You previously worked for LuxOR. Are you continuing your research on site?
I care deeply about LuxOR's mission and I spend my free time on it. I am still actively involved in several studies, including one on “Perceptions and beliefs about mental health problems and services among Syrian refugees and the host population in Wadi Khaled in northern Lebanon” which one of our psychologists was able to present at the MEMA (Middle East Medical Assembly) Conference in Beirut on 19 April 2018. Our epidemiologist also presented a study on “Field evaluation of Joachim clinical score and rapid diagnostic test for paediatric bacterial pharyngitis in a refugee camp in Beirut, Lebanon” on Operational Research Day on June 1st in Brussels. These two presenters completed training on how to conduct research amidst operations, a course which I coordinate or teach as a mentor.
I also travelled to Johannesburg in March for the SORT-IT qualitative research course. In that capacity, I am a mentor for the next study: “What are the medical and psycho-social effects of in-home treatment for patients affected by chronic illnesses and for their care givers in two Palestinian refugee camps in Lebanon?”

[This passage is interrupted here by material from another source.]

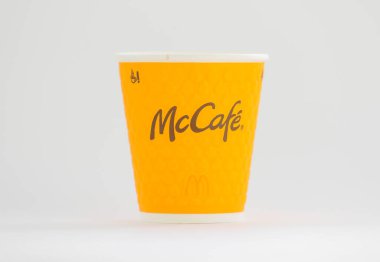 Üzerinde McCafe yazan bir karton bardak.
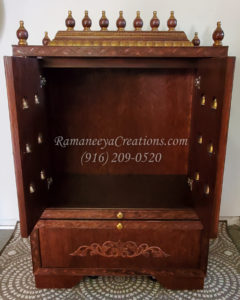 Color: Red Mahogany Oil Stain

There are many operational research projects under way and I take part in them as much as I can!
What is the expatriation experience like for your family? What are the challenges?

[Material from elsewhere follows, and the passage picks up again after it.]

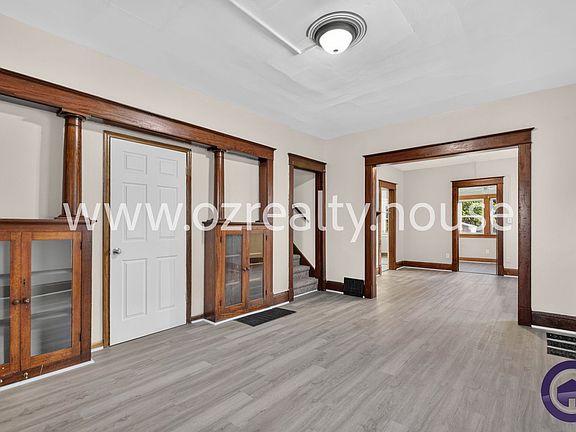 2nd image of 239 Licking St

It is a very enriching experience, but of course it is riddled with challenges.
The biggest challenge is my kids, who are 14 and 17 years old...teenagers. It's a complicated age already, then one adds the demands of adapting to a new culture, meeting new people and being far from friends. Even in the French high school in Beirut, all the students speak Arabic, so they talk in Arabic during breaks, which really does not help them with integration.
The other challenge is knowing when to stop working! My husband and I both work for MSF and anyone who has done this knows that it is much more than a job. It's a commitment. As I mentioned earlier, I also use my free time to pursue my work and research for LuxOR and, on top of all that, I decided to take Arabic lessons: that makes for very full days and does not leave me much time with my family.
It is a two-year investment and a thrilling learning experience that I think is absolutely worth it.
Do you have any stories to share?
In the Ain El Helwe Palestinian refugee camp near the city of Saïda, we starting offering in-home care to patients with chronic illnesses who could not come to the clinic.
A woman with diabetes had a huge wound on her foot because her insulin-dependent diabetes was not under control. She could not even walk anymore; she could not leave her house and was completely dependent on her family.
Our team, composed of a doctor, a nurse and a social worker, went to visit her, treated the wound on her foot and tried to find someone willing and able to give her an insulin shot every day at the same time. Because her family did not want to do it, the social worker went to ask the neighbours. She found a devoted neighbour, who was then trained by the nurse on how to give the shots and by the doctor on the importance of the injections.
After three months of treatment, the woman was able to walk again and to leave her home. It is hard to express just how much the quality of life of that woman improved...with so little help.